**Brief:** Retype the entries below without any change.
+ + + + +
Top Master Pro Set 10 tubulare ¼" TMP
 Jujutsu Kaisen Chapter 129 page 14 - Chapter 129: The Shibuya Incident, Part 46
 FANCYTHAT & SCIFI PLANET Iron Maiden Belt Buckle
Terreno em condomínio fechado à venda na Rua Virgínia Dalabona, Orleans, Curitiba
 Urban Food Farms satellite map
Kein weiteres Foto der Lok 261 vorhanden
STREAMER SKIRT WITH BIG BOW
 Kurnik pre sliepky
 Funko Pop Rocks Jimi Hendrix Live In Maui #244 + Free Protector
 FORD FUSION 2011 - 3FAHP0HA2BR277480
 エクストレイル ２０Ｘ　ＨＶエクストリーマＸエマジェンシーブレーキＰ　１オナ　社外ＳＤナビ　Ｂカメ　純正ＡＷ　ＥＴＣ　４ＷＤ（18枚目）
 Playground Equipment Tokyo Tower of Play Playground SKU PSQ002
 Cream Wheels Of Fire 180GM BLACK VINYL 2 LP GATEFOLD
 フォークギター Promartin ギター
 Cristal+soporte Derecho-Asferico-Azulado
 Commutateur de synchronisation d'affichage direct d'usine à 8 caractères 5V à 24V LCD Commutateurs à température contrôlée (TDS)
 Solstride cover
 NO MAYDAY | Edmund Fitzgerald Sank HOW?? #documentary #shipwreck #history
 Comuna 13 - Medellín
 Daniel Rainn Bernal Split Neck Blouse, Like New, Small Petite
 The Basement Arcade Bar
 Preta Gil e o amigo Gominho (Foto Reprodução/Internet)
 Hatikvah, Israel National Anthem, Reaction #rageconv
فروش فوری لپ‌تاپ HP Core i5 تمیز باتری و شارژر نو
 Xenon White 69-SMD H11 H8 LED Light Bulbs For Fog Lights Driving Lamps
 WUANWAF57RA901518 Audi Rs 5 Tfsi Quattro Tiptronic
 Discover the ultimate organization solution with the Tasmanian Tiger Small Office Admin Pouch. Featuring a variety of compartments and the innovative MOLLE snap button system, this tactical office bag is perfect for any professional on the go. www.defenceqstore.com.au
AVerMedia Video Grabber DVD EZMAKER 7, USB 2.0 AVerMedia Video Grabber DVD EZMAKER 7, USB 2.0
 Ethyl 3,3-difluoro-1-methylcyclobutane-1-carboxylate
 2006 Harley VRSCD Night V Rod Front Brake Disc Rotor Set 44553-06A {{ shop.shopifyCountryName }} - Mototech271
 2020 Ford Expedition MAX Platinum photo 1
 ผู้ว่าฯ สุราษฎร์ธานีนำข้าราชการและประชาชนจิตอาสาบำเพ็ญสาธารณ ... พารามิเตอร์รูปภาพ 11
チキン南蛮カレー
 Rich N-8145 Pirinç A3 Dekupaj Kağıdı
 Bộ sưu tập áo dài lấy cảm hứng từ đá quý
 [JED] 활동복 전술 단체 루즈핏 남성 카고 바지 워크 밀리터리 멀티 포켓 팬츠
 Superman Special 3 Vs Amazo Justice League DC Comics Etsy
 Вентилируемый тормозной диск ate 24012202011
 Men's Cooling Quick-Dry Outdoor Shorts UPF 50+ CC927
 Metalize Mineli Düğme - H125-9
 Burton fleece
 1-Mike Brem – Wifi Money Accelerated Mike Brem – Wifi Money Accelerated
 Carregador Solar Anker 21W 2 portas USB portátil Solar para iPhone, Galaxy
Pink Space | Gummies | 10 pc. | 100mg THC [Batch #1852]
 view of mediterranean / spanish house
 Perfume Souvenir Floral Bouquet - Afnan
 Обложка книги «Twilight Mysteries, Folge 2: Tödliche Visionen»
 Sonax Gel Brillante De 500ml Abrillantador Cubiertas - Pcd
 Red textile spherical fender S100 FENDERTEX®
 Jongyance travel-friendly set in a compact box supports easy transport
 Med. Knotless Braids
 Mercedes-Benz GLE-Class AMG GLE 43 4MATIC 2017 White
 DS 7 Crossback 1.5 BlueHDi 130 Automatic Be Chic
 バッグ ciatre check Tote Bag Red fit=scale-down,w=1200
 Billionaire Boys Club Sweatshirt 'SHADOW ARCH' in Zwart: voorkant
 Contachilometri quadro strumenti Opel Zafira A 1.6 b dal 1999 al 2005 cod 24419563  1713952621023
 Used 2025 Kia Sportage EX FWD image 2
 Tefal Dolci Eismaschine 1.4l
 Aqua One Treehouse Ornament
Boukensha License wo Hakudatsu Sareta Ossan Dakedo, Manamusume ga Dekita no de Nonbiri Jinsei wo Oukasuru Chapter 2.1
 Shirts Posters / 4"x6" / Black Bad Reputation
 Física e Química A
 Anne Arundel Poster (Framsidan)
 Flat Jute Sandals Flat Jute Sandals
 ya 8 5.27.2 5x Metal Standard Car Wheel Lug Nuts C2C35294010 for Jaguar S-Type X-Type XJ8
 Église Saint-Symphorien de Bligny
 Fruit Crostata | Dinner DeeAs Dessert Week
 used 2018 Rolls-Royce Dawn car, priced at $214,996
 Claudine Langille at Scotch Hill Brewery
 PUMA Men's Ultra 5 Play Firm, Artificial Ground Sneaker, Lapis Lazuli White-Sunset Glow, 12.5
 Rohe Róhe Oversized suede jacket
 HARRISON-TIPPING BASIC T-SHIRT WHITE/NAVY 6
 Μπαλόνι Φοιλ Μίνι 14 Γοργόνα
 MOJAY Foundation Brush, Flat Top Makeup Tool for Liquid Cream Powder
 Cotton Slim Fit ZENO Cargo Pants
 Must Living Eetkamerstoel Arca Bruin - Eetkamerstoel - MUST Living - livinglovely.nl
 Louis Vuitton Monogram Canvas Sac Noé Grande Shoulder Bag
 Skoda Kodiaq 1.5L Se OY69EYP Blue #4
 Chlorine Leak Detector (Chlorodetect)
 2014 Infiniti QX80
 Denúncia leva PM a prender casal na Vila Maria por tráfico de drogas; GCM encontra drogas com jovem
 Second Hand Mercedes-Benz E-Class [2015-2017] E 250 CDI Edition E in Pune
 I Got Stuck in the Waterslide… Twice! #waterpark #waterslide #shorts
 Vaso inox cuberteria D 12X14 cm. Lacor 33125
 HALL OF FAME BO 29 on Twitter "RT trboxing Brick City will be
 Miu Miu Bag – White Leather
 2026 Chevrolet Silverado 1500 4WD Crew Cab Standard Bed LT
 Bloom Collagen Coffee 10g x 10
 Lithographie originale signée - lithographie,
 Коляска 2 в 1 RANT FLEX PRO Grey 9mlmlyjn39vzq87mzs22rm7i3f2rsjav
+ + + + +
**Result:**
Top Master Pro Set 10 tubulare ¼" TMP
 Jujutsu Kaisen Chapter 129 page 14 - Chapter 129: The Shibuya Incident, Part 46
 FANCYTHAT & SCIFI PLANET Iron Maiden Belt Buckle
Terreno em condomínio fechado à venda na Rua Virgínia Dalabona, Orleans, Curitiba
 Urban Food Farms satellite map
Kein weiteres Foto der Lok 261 vorhanden
STREAMER SKIRT WITH BIG BOW
 Kurnik pre sliepky
 Funko Pop Rocks Jimi Hendrix Live In Maui #244 + Free Protector
 FORD FUSION 2011 - 3FAHP0HA2BR277480
 エクストレイル ２０Ｘ　ＨＶエクストリーマＸエマジェンシーブレーキＰ　１オナ　社外ＳＤナビ　Ｂカメ　純正ＡＷ　ＥＴＣ　４ＷＤ（18枚目）
 Playground Equipment Tokyo Tower of Play Playground SKU PSQ002
 Cream Wheels Of Fire 180GM BLACK VINYL 2 LP GATEFOLD
 フォークギター Promartin ギター
 Cristal+soporte Derecho-Asferico-Azulado
 Commutateur de synchronisation d'affichage direct d'usine à 8 caractères 5V à 24V LCD Commutateurs à température contrôlée (TDS)
 Solstride cover
 NO MAYDAY | Edmund Fitzgerald Sank HOW?? #documentary #shipwreck #history
 Comuna 13 - Medellín
 Daniel Rainn Bernal Split Neck Blouse, Like New, Small Petite
 The Basement Arcade Bar
 Preta Gil e o amigo Gominho (Foto Reprodução/Internet)
 Hatikvah, Israel National Anthem, Reaction #rageconv
فروش فوری لپ‌تاپ HP Core i5 تمیز باتری و شارژر نو
 Xenon White 69-SMD H11 H8 LED Light Bulbs For Fog Lights Driving Lamps
 WUANWAF57RA901518 Audi Rs 5 Tfsi Quattro Tiptronic
 Discover the ultimate organization solution with the Tasmanian Tiger Small Office Admin Pouch. Featuring a variety of compartments and the innovative MOLLE snap button system, this tactical office bag is perfect for any professional on the go. www.defenceqstore.com.au
AVerMedia Video Grabber DVD EZMAKER 7, USB 2.0 AVerMedia Video Grabber DVD EZMAKER 7, USB 2.0
 Ethyl 3,3-difluoro-1-methylcyclobutane-1-carboxylate
 2006 Harley VRSCD Night V Rod Front Brake Disc Rotor Set 44553-06A {{ shop.shopifyCountryName }} - Mototech271
 2020 Ford Expedition MAX Platinum photo 1
 ผู้ว่าฯ สุราษฎร์ธานีนำข้าราชการและประชาชนจิตอาสาบำเพ็ญสาธารณ ... พารามิเตอร์รูปภาพ 11
チキン南蛮カレー
 Rich N-8145 Pirinç A3 Dekupaj Kağıdı
 Bộ sưu tập áo dài lấy cảm hứng từ đá quý
 [JED] 활동복 전술 단체 루즈핏 남성 카고 바지 워크 밀리터리 멀티 포켓 팬츠
 Superman Special 3 Vs Amazo Justice League DC Comics Etsy
 Вентилируемый тормозной диск ate 24012202011
 Men's Cooling Quick-Dry Outdoor Shorts UPF 50+ CC927
 Metalize Mineli Düğme - H125-9
 Burton fleece
 1-Mike Brem – Wifi Money Accelerated Mike Brem – Wifi Money Accelerated
 Carregador Solar Anker 21W 2 portas USB portátil Solar para iPhone, Galaxy
Pink Space | Gummies | 10 pc. | 100mg THC [Batch #1852]
 view of mediterranean / spanish house
 Perfume Souvenir Floral Bouquet - Afnan
 Обложка книги «Twilight Mysteries, Folge 2: Tödliche Visionen»
 Sonax Gel Brillante De 500ml Abrillantador Cubiertas - Pcd
 Red textile spherical fender S100 FENDERTEX®
 Jongyance travel-friendly set in a compact box supports easy transport
 Med. Knotless Braids
 Mercedes-Benz GLE-Class AMG GLE 43 4MATIC 2017 White
 DS 7 Crossback 1.5 BlueHDi 130 Automatic Be Chic
 バッグ ciatre check Tote Bag Red fit=scale-down,w=1200
 Billionaire Boys Club Sweatshirt 'SHADOW ARCH' in Zwart: voorkant
 Contachilometri quadro strumenti Opel Zafira A 1.6 b dal 1999 al 2005 cod 24419563  1713952621023
 Used 2025 Kia Sportage EX FWD image 2
 Tefal Dolci Eismaschine 1.4l
 Aqua One Treehouse Ornament
Boukensha License wo Hakudatsu Sareta Ossan Dakedo, Manamusume ga Dekita no de Nonbiri Jinsei wo Oukasuru Chapter 2.1
 Shirts Posters / 4"x6" / Black Bad Reputation
 Física e Química A
 Anne Arundel Poster (Framsidan)
 Flat Jute Sandals Flat Jute Sandals
 ya 8 5.27.2 5x Metal Standard Car Wheel Lug Nuts C2C35294010 for Jaguar S-Type X-Type XJ8
 Église Saint-Symphorien de Bligny
 Fruit Crostata | Dinner DeeAs Dessert Week
 used 2018 Rolls-Royce Dawn car, priced at $214,996
 Claudine Langille at Scotch Hill Brewery
 PUMA Men's Ultra 5 Play Firm, Artificial Ground Sneaker, Lapis Lazuli White-Sunset Glow, 12.5
 Rohe Róhe Oversized suede jacket
 HARRISON-TIPPING BASIC T-SHIRT WHITE/NAVY 6
 Μπαλόνι Φοιλ Μίνι 14 Γοργόνα
 MOJAY Foundation Brush, Flat Top Makeup Tool for Liquid Cream Powder
 Cotton Slim Fit ZENO Cargo Pants
 Must Living Eetkamerstoel Arca Bruin - Eetkamerstoel - MUST Living - livinglovely.nl
 Louis Vuitton Monogram Canvas Sac Noé Grande Shoulder Bag
 Skoda Kodiaq 1.5L Se OY69EYP Blue #4
 Chlorine Leak Detector (Chlorodetect)
 2014 Infiniti QX80
 Denúncia leva PM a prender casal na Vila Maria por tráfico de drogas; GCM encontra drogas com jovem
 Second Hand Mercedes-Benz E-Class [2015-2017] E 250 CDI Edition E in Pune
 I Got Stuck in the Waterslide… Twice! #waterpark #waterslide #shorts
 Vaso inox cuberteria D 12X14 cm. Lacor 33125
 HALL OF FAME BO 29 on Twitter "RT trboxing Brick City will be
 Miu Miu Bag – White Leather
 2026 Chevrolet Silverado 1500 4WD Crew Cab Standard Bed LT
 Bloom Collagen Coffee 10g x 10
 Lithographie originale signée - lithographie,
 Коляска 2 в 1 RANT FLEX PRO Grey 9mlmlyjn39vzq87mzs22rm7i3f2rsjav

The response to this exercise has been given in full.